Com a doença do filho, Denise deixou um pouco de lado a profissão para dedicar-se mais a ele. “Eu vendi um restaurante para atender só o Felipe.” Por sorte, o drama da família não durou muito, uma ligação no último domingo de novembro trouxe esperança. “Eu estava trabalhando quando o irmão gêmeo dele me ligou, contando que tinham encontrado um rim compatível. Na hora comecei a chorar.”
Rapidamente eles estavam em casa prontos para viajar até Porto Alegre onde o transplante seria feito. “Nós já tínhamos uma mala pronta para viagem, esperando pelo anúncio”, conta Denise. Ao falar sobre a família da menina de 15 anos que autorizou a doação do órgão, a mãe de Felipe se emociona. “Gostaria de ter contato, porque eles não tem ideia da importância que têm na nossa vida.”

“Os primeiros transplantes foram feitos há mais de 30 anos e ainda não resolvemos a questão da doação.”
“Diga em casa que você é doador.”
O cardiologista Fernando Lucchese era um dos médicos da equipe que realizou o primeiro transplante de coração do estado. Desde lá, foram mais de cem operações do tipo na carreira do médico que transformou-se em uma referência no país. Para ele, a falta de informação é o principal entrave para que mais transplantes sejam realizados.
A Hora – Por que ainda existe preconceito em relação à doação de órgãos?
Fernando Lucchese – Eu acho que a informação ainda não é suficiente, nós não conseguimos educar as pessoas para aceitarem a doação não só como um ato de generosidade, mas quase uma obrigação. No momento em que alguém perdeu a vida, dar a vida para mais gente é uma obrigação. No RS, vivemos um momento pior dois anos atrás e estamos melhorando de novo. A grande dificuldade é as pessoas dizerem em casa que são doadoras, porque quando isso acontece a família respeita. O segredo é esse: diga em casa que você é doador.
Ainda existem alguns mitos e temores de que o corpo ficará marcado e outros do tipo. Como é possível romper essas barreiras?
Lucchese – Essas barreiras são construídas ao longo do tempo, até por uma maneira equivocada de divulgar. Por exemplo, ‘o sujeito doou os órgãos e depois morreu’, essa é uma frase que ainda é dita. A verdade é que a pessoa estava morta e depois foi feita a doação. A ideia da morte cerebral ainda não está bem clara para a população. O diagnóstico é totalmente preciso, a própria Igreja Católica reconhece a doação de órgãos após constatada a morte cerebral. A segunda coisa é o desejo de realizar o enterro logo, mas aí entra o ato de generosidade e nem sempre as pessoas têm isso. Um ato desses compensa a perda do familiar.

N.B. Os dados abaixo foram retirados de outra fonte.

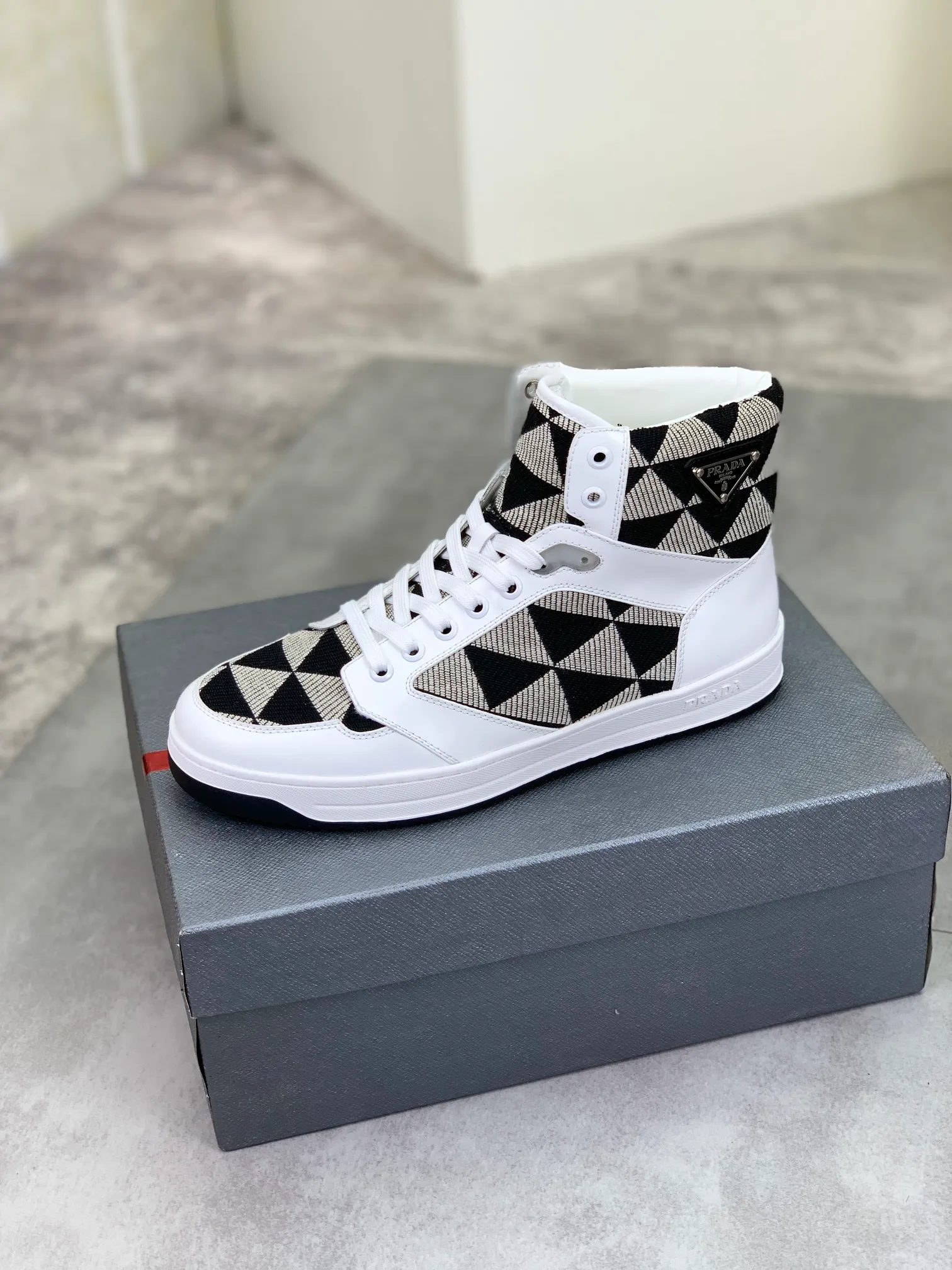Men's shoes 💰P620 new model (high version) The new PRADA (Prada) high-top counter has launched the classic model at the same time. The new men's shoes and 😘fabrics are selected from the original imported calfskin. First layer of imported cowhide lining. The original version is awesome! 👍🏿Original open-molded non-slip PU outsole, with exquisite lines, simple and elegant, super comfortable and classy on foot, suitable for leisure travel. Code number:38-45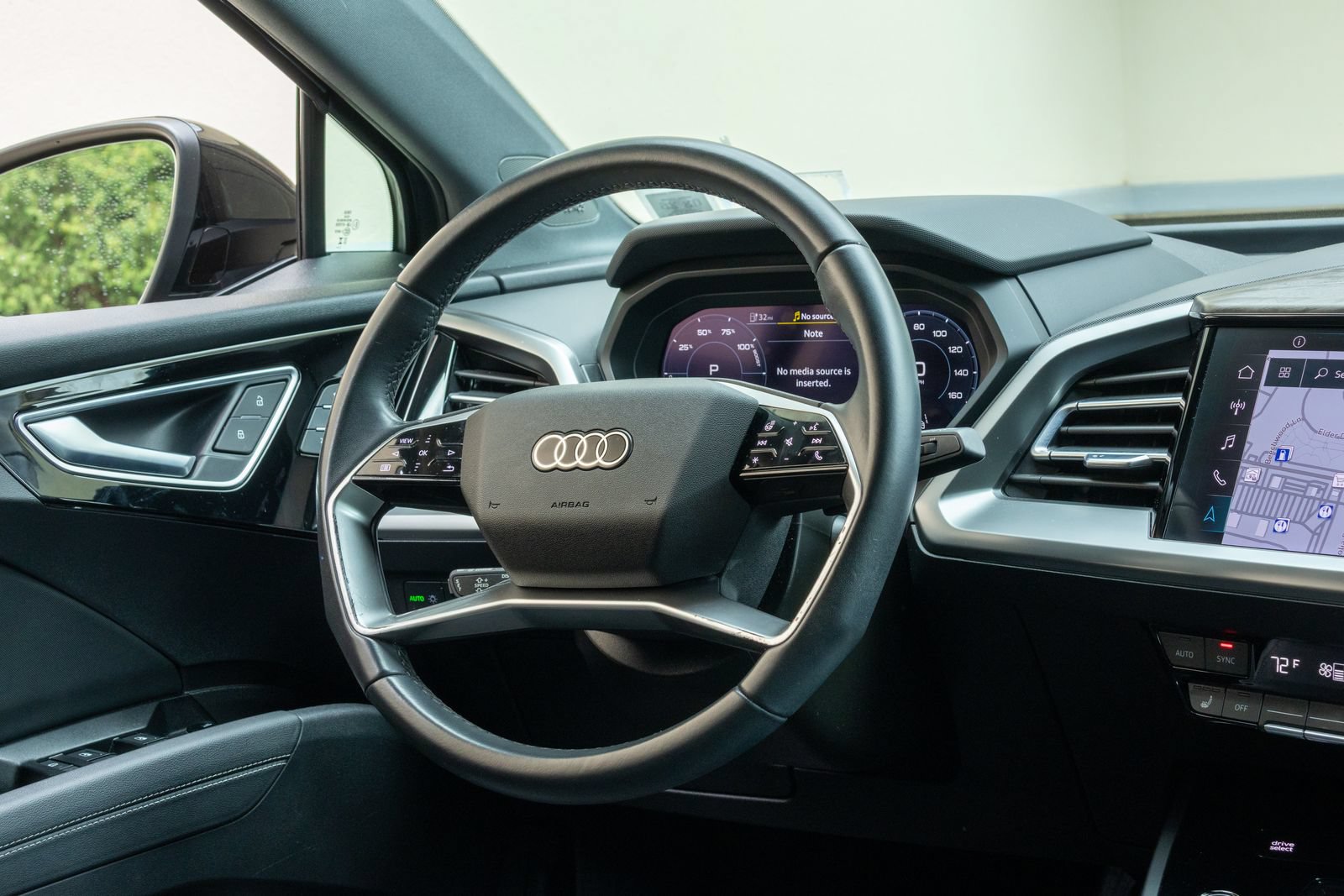 Used 2023 Audi Q4 e-tron Premium Plus w/ Premium Plus AWD/4WD image 18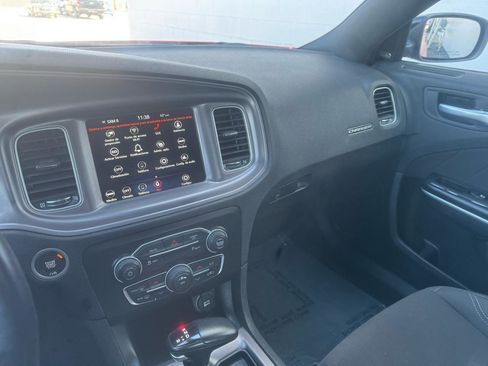 Used 2023 Dodge Charger SXT image 5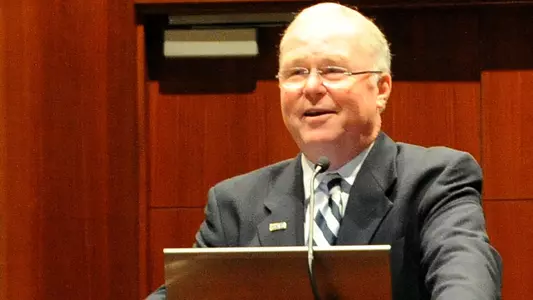 Tom Coffman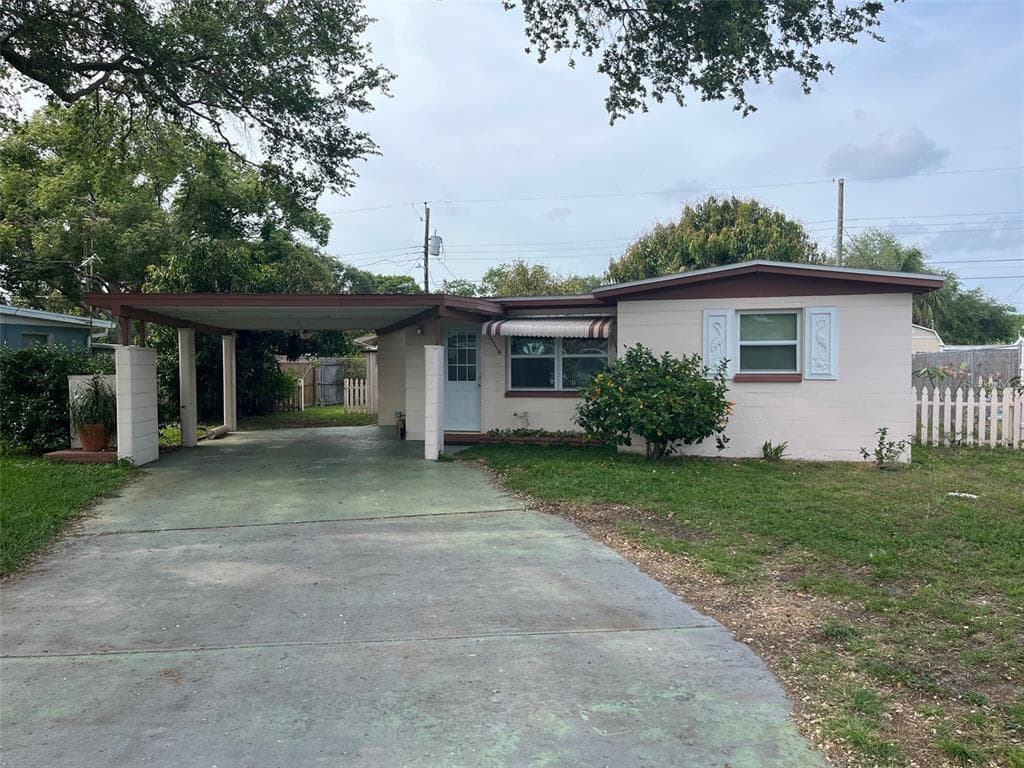 10343 111TH AVENUE LARGO, FL 33773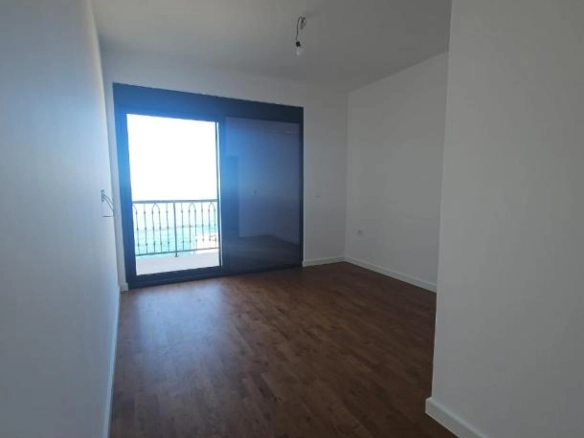 Kuća 250 m² sa bazenom i pogledom na more – Utjeha, Bar
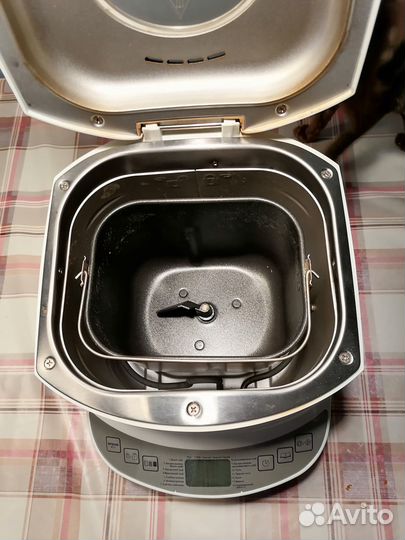 Хлебопечка Philips Viva Collection HD 9045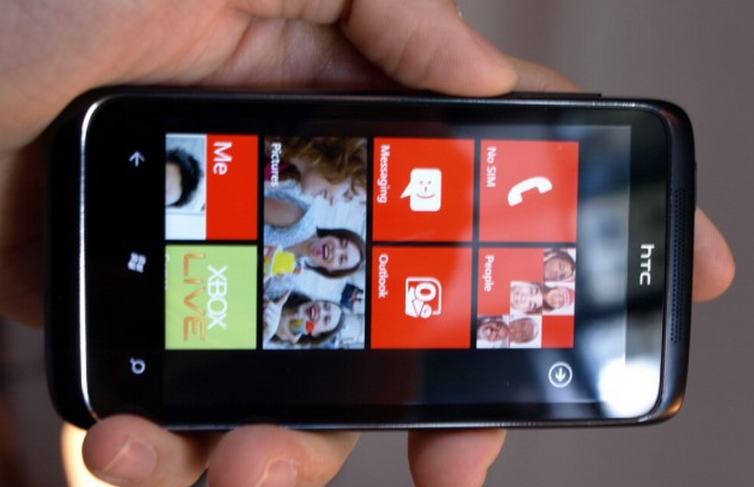 Rumors of new HTC WP7 handsets follow pledge of continued platform support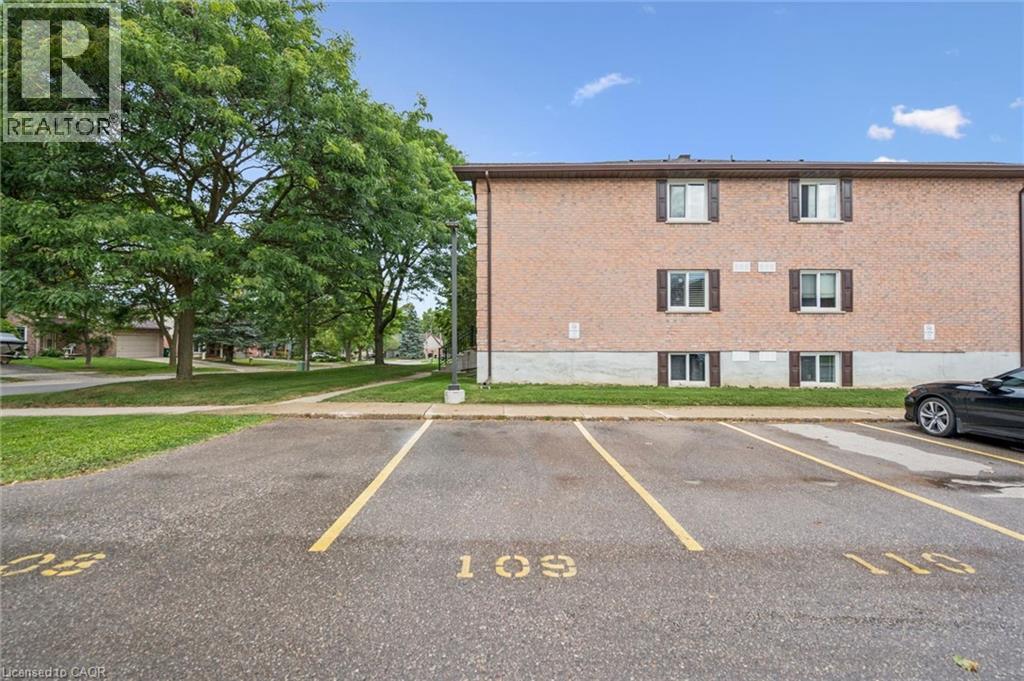 339 Northlake Drive Unit# 8, Waterloo, Ontario  N2V 1Z1 - Photo 25 - 40858444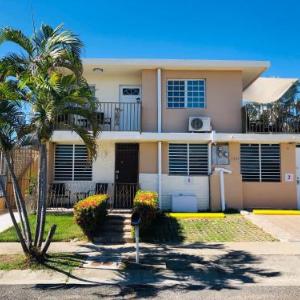 Lovely apartment with laundry & Parking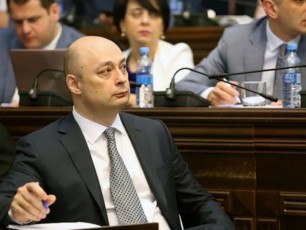 rac-davdeqi-ministrad-naxevari-momiwia-Svebuleba---ekonomikis-ministris-pirveli-komentari-morigi-gauCinarebis-Semdeg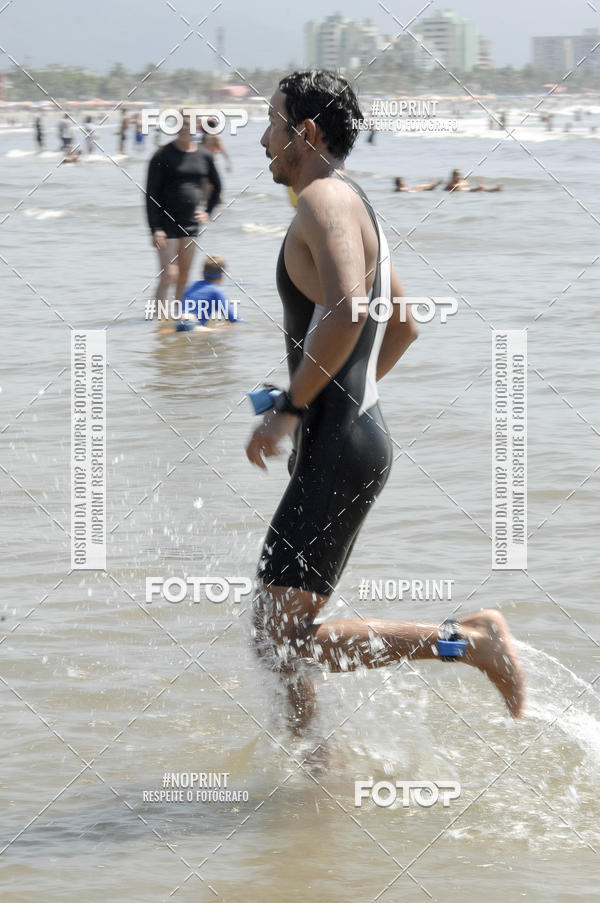 Buy your photos of the eventBLUE SERIES TRIATHLON BERTIOGA 2019 on Fotop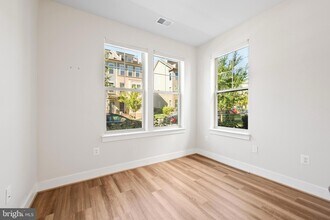 128 Stowe Dr in Gaithersburg, MD - Building Photo - Building Photo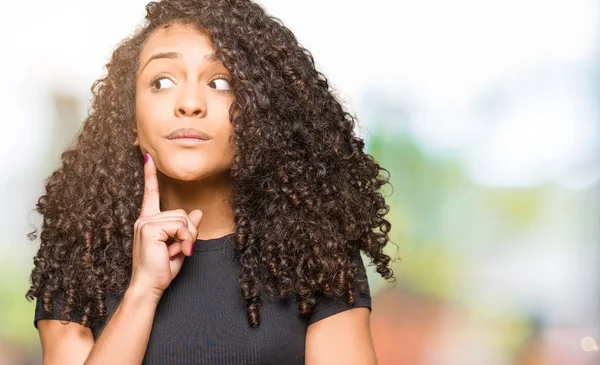 Jeune Belle Femme Aux Cheveux Bouclés Avec Main Sur Menton — Photo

O senhor trabalha muito a importância da espiritualidade no tratamento médico. Em alguns momentos, as pessoas usam a religião como um entrave para doar. Como usar esse argumento religioso para também aumentar as doações?
Lucchese – Um dos entraves era a falta de compreensão sobre a ressurreição dos mortos, isso era até mesmo pela Igreja Católica, mas hoje já está vencido. Normalmente as religiões não se opõem à doação.
O senhor acredita que podemos aumentar o número de doadores nos próximos anos?
Lucchese – Nós tivemos altos e baixos na nossa história de doações. Os primeiros transplantes foram feitos há mais de 30 anos e ainda não resolvemos a questão da doação. Não me parece tão simples esse problema. Pode melhorar colocando a informação à disposição do público, mas nós sempre teremos pessoas mais generosas e pessoas mais egoístas.